JAKARTA, INDEKSMEDIA.ID — Tindak diskriminasi terhadap hak asuh anak atau perilaku ‘rampas’ anak hasil perkawinan cerai masih kerap terjadi. Kasus ini tidak hanya terjadi secara skala nasional tapi internasional, apabila si anak bawa lari ke luar negeri.

Kasus-kasus diskriminasi hak asuh inilah mendorong Kejaksaan Agung (Kejagung) membuatkan payung hukum untuk perilaku tersebut.  Sebab akan mengakibatkan kerugikan terhadap kepentingan anak.

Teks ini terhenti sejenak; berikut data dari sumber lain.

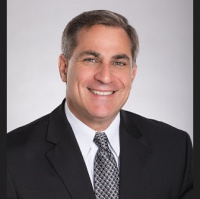 654: The Path to Being IPO-Ready | Drew Vollero, CFO, Allied Universal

“Sampai sekarang Indonesia belum meratifikasi The Hague Convention on The Civil Aspects of International Child Abduction or Hague Abduction Convention,” kata Jaksa Utama Muda pada Jaksa Agung Muda Tindak Pidana Umum (Jampidum) Kejagung Robert Parlindungan Sitinjak dalam temu wicara “Perlindungan Perempuan dari Segala Bentuk Kekerasan” di Jakarta, Jumat (1/12/2023)

The Hague Convention 1980 adalah konvensi untuk menyelesaikan hak pengasuhan anak dari orang tua yang bercerai.

“Karena konvensi anak itu mengatur walaupun orang tua bercerai, anak tetap wajib mendapatkan hak asuh,” katanya.

Menurutnya, hingga saat ini di Indonesia belum ada peraturan yang mengatur tentang pengasuhan alternatif Sehingga kerap terjadi kasus hak asuh anak ini selalu dikriminalisasi.

Robert mencontohkan kasus dengan hak asuh anak jatuh ke ibunya, namun kemudian sang ayah mengambil anak tersebut dari ibunya.

“Misal hak asuh anak jatuh ke ibunya, berarti ibunya yang mengasuh. Kemudian ketika ibu mau antar anak ke sekolah, tiba-tiba anak itu diambil bapaknya. Bahkan dibawa ke luar negeri, terus dilaporkan ke polisi dan Interpol. Itu tidak bisa, “

Dia mengatakan persoalan tersebut, tidak termasuk pidana karena yang mengambil masih ayahnya.

“Kecuali diambil secara terorganisir oleh orang lain, baru bisa dibilang tindakan hukum,” katanya.

Ada dua opsi untuk mengatasi persoalan tersebut, kata dia, yakni dengan menerbitkan undang-undang atau meratifikasi konvensi internasional The Hague Convention 1980.

“Jadi ada dua nih, mau membuat (undang-undang) sendiri atau kita meratifikasi, menyetujui undang-undang itu dipakai di sini,” katanya.

Pihaknya pun mendorong dilakukannya diskusi bersama antar-Kementerian/Lembaga (K/L) terkait, sehingga penanganan masalah hak asuh anak menjadi prioritas untuk diselesaikan.

“Ini kan persoalan yang lintas kementerian sehingga perlu duduk bersama,” kata mantan Asisten Deputi Perlindungan Khusus Anak Kementerian Pemberdayaan Perempuan dan Perlindungan Anak (PPPA) periode 2021 – 2023 itu.

Dia menegaskan upaya tersebut penting karena ada banyak kasus perebutan hak asuh anak.